# Megs Express wash dilution?



## fethead (May 12, 2007)

Hi All.

Just used this for the first time today and was impressed with the feel, clean-ability and finish. I used the megs stated 1 oz per gallon. Does anyone have any other ratios they have used?

Thanks,

Richard


----------



## fethead (May 12, 2007)

WOW...so many responses to trawl through!

Any user experiences out there?


----------



## scratcher (Jul 20, 2010)

Just seen this thread.
I've been using it for the last few months. 15ml in 10l of water for a regular wash.
Pre wash mixed it 15ml in a 2l pressure sprayer.

Mixing it stronger cleans through tougher grim easier, but it can make it a little more effort to dry off. Not hard, just not as simple as it is with the 15ml mix.


----------



## fethead (May 12, 2007)

scratcher said:


> Just seen this thread.
> I've been using it for the last few months. 15ml in 10l of water for a regular wash.
> Pre wash mixed it 15ml in a 2l pressure sprayer.
> 
> Mixing it stronger cleans through tougher grim easier, but it can make it a little more effort to dry off. Not hard, just not as simple as it is with the 15ml mix.


That is a lot lower than meguiars stated ratio or 1oz(28ml)/3.79lts(US gal) though!

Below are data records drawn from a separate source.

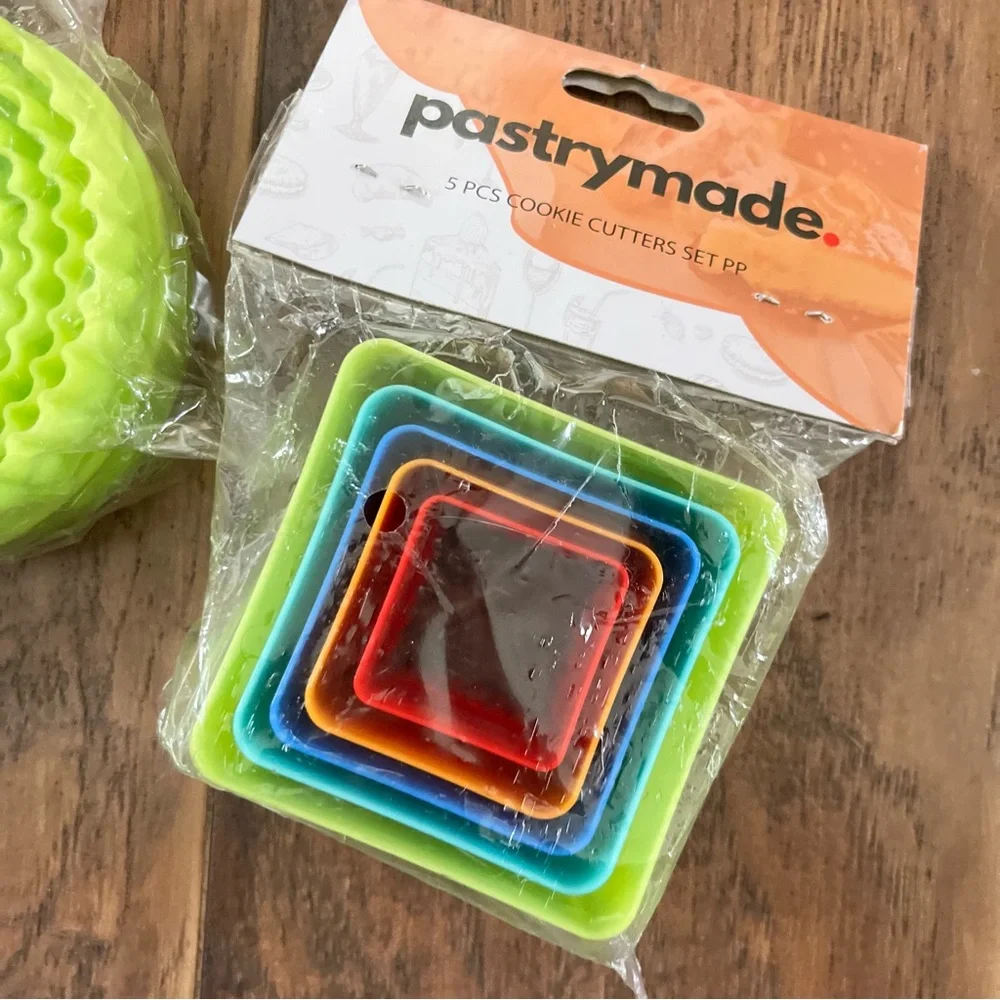 Pastry Lime Green and Multicolor Nesting Cookie Cutter Sets - Pastry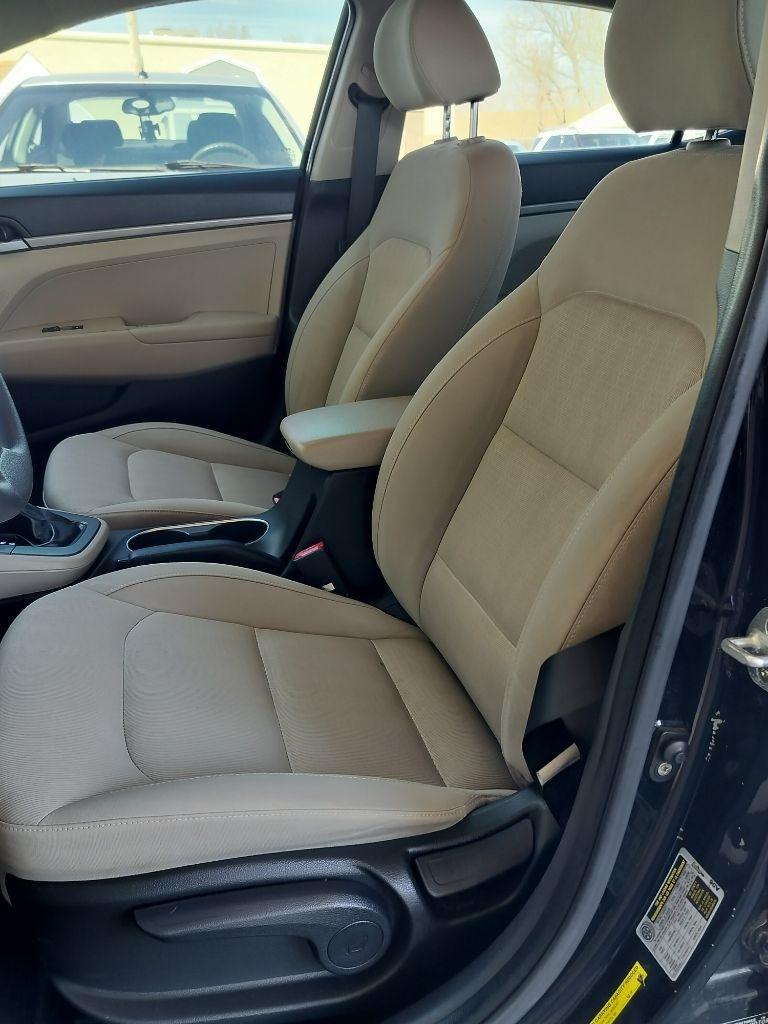 Hyundai Elantra SE 6AT 2017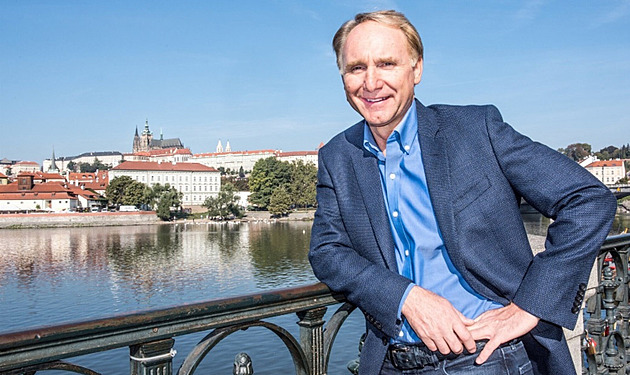 S Brownem teprve poznáme overturismus. Mistr bestsellerů si vzpomněl na Česko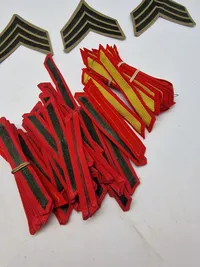 Samling diverse militære mærker USMC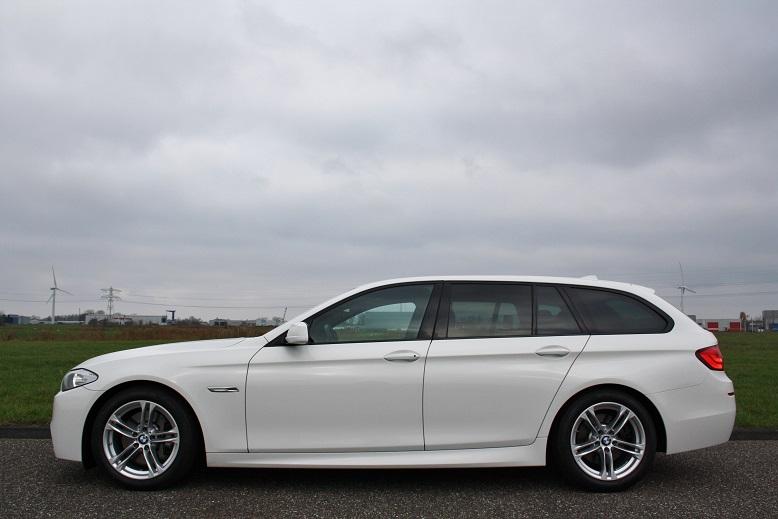 BMW 525d 3.0d F11 M Sportpakket Alpinweiss 3 Navi prof Xenon Vol opties Bouwjaar 05-2011 mdjautos.nl/aanbod/bmw-525…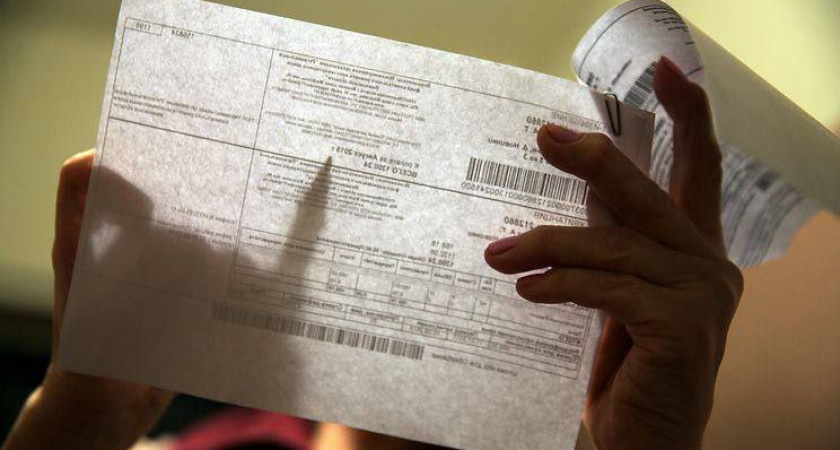 «В батареях едва тепло, а сумма в платежке прежняя»: УК-должниками недовольны и тверичи, и энергетики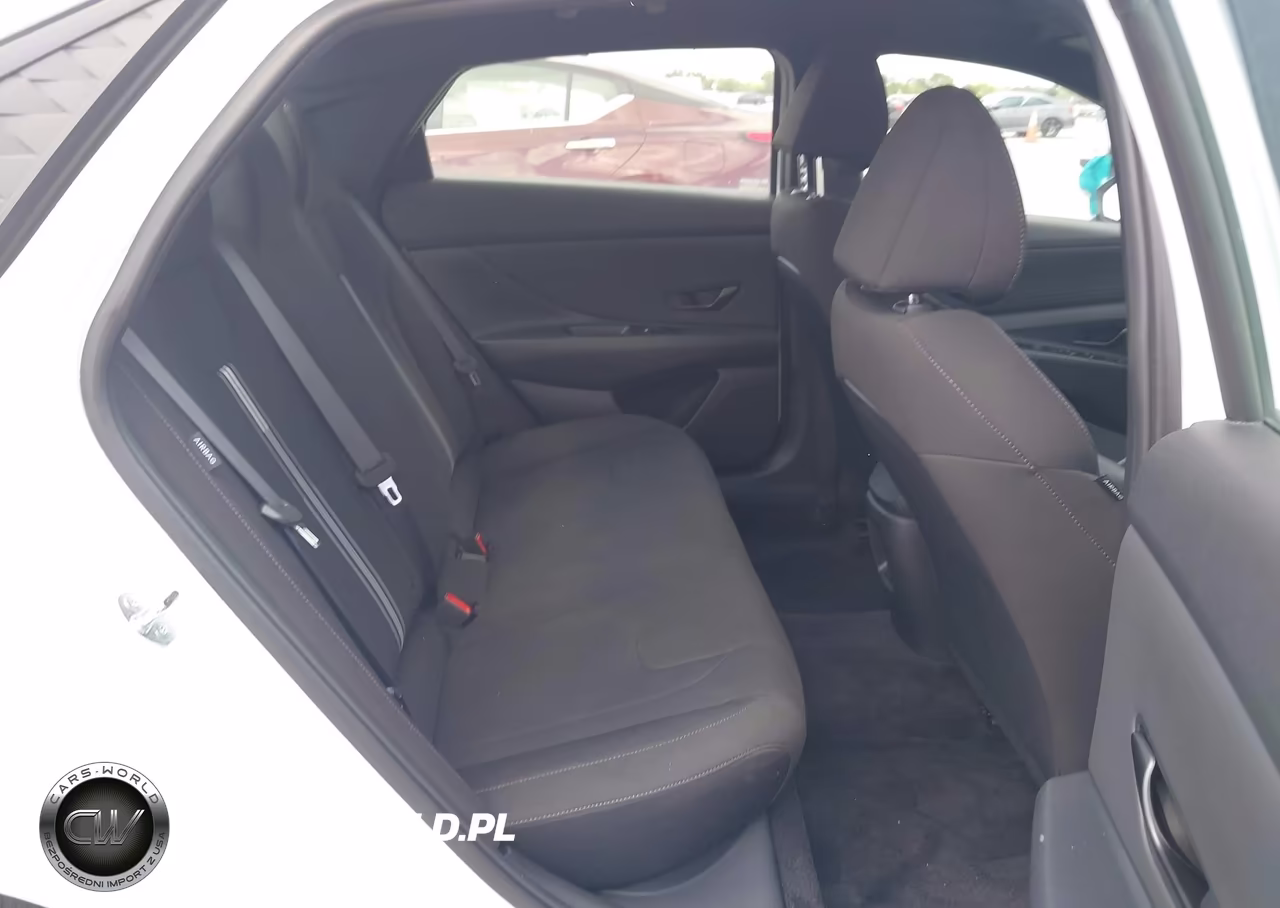 2025 Hyundai Elantra Sel Sport VIN:KMHLM4DG9SU932432 - 8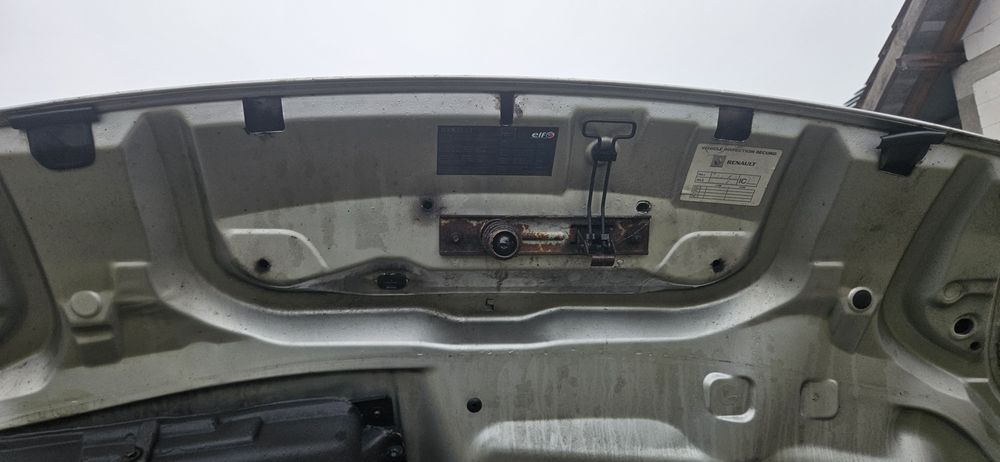 Maska trafic vivaro primastar 2000  - 2014 srebrna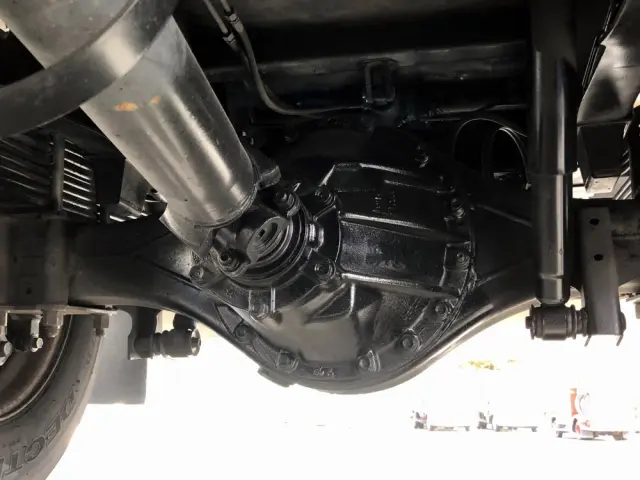 いすゞ エルフ 2PG-NPR88YN(2WD)の写真30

How did you come up with 15ml in 10lts?

Thanks,

Richard


----------



## scratcher (Jul 20, 2010)

They're measurements are for the US. It's been brought up before that their water is much harsher than ours and less product can be used.
I came to the 15ml through trial and error. It was a case of using it a few times a week starting at around 50ml and working down until I found the best result for me.
Mixing it stronger left me with a solution that was harder to soak up when drying and left streaks sometimes. 
15ml gives me a very slick solution, cleans extremely well and plates and dries off with ease.


----------